Build-A-Bear is my family’s most-enduring holiday tradition. Others we’ve done many years—Santa pancakes on Christmas morning, Elf, Krispy Kreme right when they open (6 am) in our pajamas. Build-A-Bear is the only one we’ve done every single year since our first visit, which we didn’t know at the time would become a holiday tradition, in December 2013.
This mini album is very simple: mostly photos and holiday-themed paper, with very minimal extras and embellishments. So far, I’ve completed the cover page, a decorative insert, and the pages for 2013 through 2020. I’ve still got the intro page and the pages for 2022 through 2024 to go.

The album is clear acrylic with glitter that I ordered years and years ago from a shop that no longer exists (sorry!). The front of the cover page is the back of a Persnickety Prints coupon from almost 10 entire years ago. I’ve held onto it all this time, waiting for the perfect opportunity to use it in a project. I’m so glad I waited. It really is perfect for this project. To the back of it, I adhered a piece of a letterpress greeting card that I cut down to fit (3″ x 4″). Once I figure out what I want to say, I’ll type up a short blurb about this tradition on that piece of white card stock.


Following the currently blank intro page is a decorative insert I made using a Photo Flips pocket (I cut off the strip with the adhesive) filled with stuffing and a heart from Build-A-Bear (each year I ask to take a small handful of stuffing and a heart to keep as a memento of our family’s holiday tradition and every year (so far) they’ve allowed it), star-shaped glitter from my stash, and a few pieces of the gold thread I used to sew the pocket closed.

And then, the photos (and papers)! On the back of each photo, I adhered a piece of holiday-themed paper cut down to fit—gift wrap that I’ve saved from Chistmases past, old Project Life filler cards, and scrapbook paper. Before adhering, I played around with the order of these papers to ensure they flowed well with each other and with the photo they’d be opposite of (above) when flipping through the album. And then, of course, I messed up the order when adhering them. Such is life.

From the beginning, I knew I wanted to include the date of each year’s visit. How to do this was the question. I decided to stamp each visit’s date on vellum using my Mega Date Stamp. Because I had only enough papers to work up to 2021 and because my date stamp was already set to 2021 and it’s a bitch to change, I worked backward from there. Had I worked forward from 2013, I would’ve learned much earlier in the process that my stamp only goes back to 2015. Oops! I’m still not sure what, if anything, I’m going to do about this.

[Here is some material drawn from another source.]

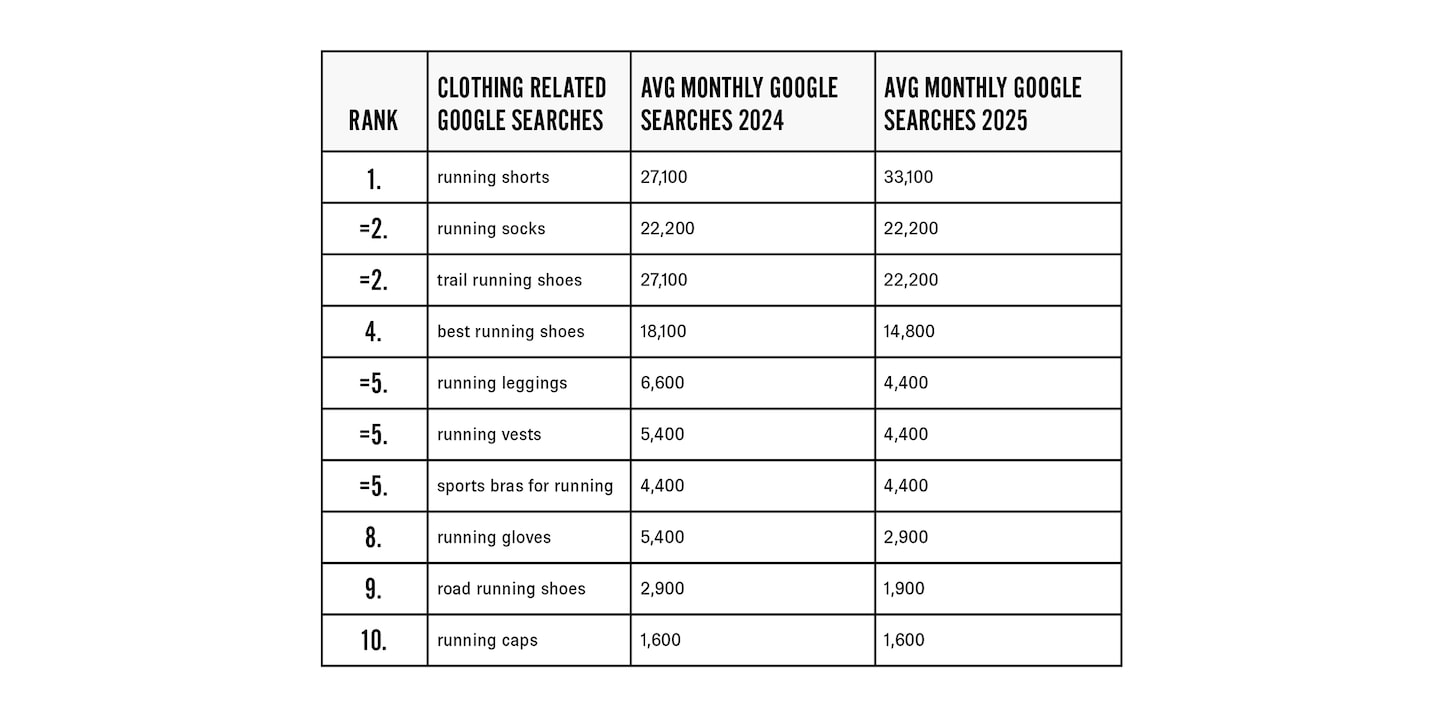 Chart shows running clothes/products related google searches per average monthly during 2024 and 2025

I had the photos printed by Persnickety Prints. I decided on black and white because the lighting in Build-A-Bear is atrocious (it’s giving jaundice) and I wanted the finished project to be visually appealing and consistent without having to do much (any) editing.

I’ll pick this project back up around November—it’ll be easier to find holiday-themed papers then (I’m out of holiday-themed papers, I don’t want to repeat patterns, and while I could order holiday-themed paper online at any point during the year, I prefer to shop in person for paper items so I can see and feel the quality of them before committing)—and will share more photos of the finished (well, caught-up) album closer to the end of this year/the beginning of next.